— Я смотрела про вас ролики на ютубе, вы там говорите, что у нас очень жестоко относятся к животным.
— Тут слева есть бывший хольхоз (Дусс хорошо говорит по-русски, но, конечно, с уроженцем этих мест его не перепутать). То, что они делают с животными, просто ужасно. Например, маленький телятка привязан веревкой на полметра и никуда не может отойти. Одна корова вышла из сарая, хромает. Он, хозяин, идет и бьет ее: быстрей-быстрей! Так нельзя! Как вы к животному относитесь, так и он к вам будет. Если корова живет у бабушки, она у нее в шоколаде, а хольхоз — это ужасно.
— Вас в интернете называют сумасшедшим швейцарцем. Это не обидно?
— Меня называют чокнутым. Но это нормально. Я в некоторых вещах мыслю не так, как все, — в этом причина. И еще: такое имя мне дали журналисты. Потому что, если вы хотите, чтобы вашу статью прочитали, но напишете в ее названии слово «учиться» — никто это не будет читать. Учиться тяжело: голова болит. А если напишете слово «чокнутый», это уже — раз! (Йорг щелкает пальцами, звук получается резкий, веселый) — и все читают.

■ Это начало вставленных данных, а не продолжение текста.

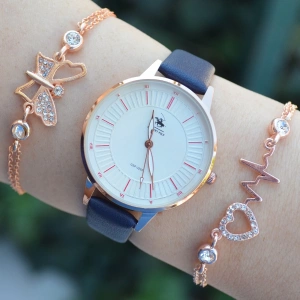 Lacivert Deri Kordon Kadın Saat Kombini 2492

— А русские «авось» и «небось» стали уже вашими словами? Научились уже вот так — махнуть на что-то рукой?
— Это сложный вопрос. Мне кажется, что я по-прежнему все просчитываю и учитываю. Но сейчас у нас живет сыровар из Швейцарии. Он говорит: «Ты уже не швейцарец. Ты не делаешь, как мы». И он прав: я теперь спокойно отношусь к тому, что не могу изменить. Первое время было очень тяжело. Вот, например, пунктуальность. Еду к вам и думаю: надо успеть, я всегда приезжаю за 10 минут до встречи. И тут женщина застряла, я ее вытаскиваю, а сам понимаю, что уже опоздаю. И мне неловко. Даже пять минут опоздания — плохо. Это швейцарская черта. Но когда есть что-то, что от меня не зависит, я больше не переживаю.
— Если бы вы жили в Швейцарии, все было бы совершенно иначе. Кем бы работали?
— Слава богу, что я не там! Был бы, скорее всего, хозяином столярного производства. Я же закончил университет, которых в мире всего два: в Германии и Швейцарии. У меня три образования. Столярное дело я знаю от «а» до «я»: вначале учился работать с деревом, потом конструировать как инженер, а в финале как владелец компании: бухгалтерия, права, экономика. Вступительные экзамены сдавали 118 человек, дипломы получили пятеро, один из них я... Два года назад у нас была встреча выпускников, двадцать лет мы не виделись, поэтому решили общаться два дня. И там я понял, что правильно поступил, уехав в Россию. Честно говорю! Четверо моих друзей уже нуждаются в психотических приемах, у многих скрытый алкоголизм. Их трясет от работы! Очень высокая ответственность: Швейцария принимает законы Евросоюза, а там любую мелочь прописывают. И если хоть что-то не так, уже минус тебе. А я говорил: «Ребята, я живу и не парюсь». И рассказывал как: показывал свою деревню, детей, социальных людей, чем мы тут занимаемся.
— Как они реагировали?
— Вы знаете, я заметил, что не черный, но какой-то зависть был... Потому что вот смотрите: что украшает жизнь человека? Эмоции и впечатления. У вас хорошая профессия, в ней много впечатлений. А если бы вы работали секретаркой, сидели в каком-то кабинете, то через пять лет вам не о чем было бы вспомнить. У меня так же. Я могу книги писать: ни один день не похож на другой. И столько людей вокруг, столько историй.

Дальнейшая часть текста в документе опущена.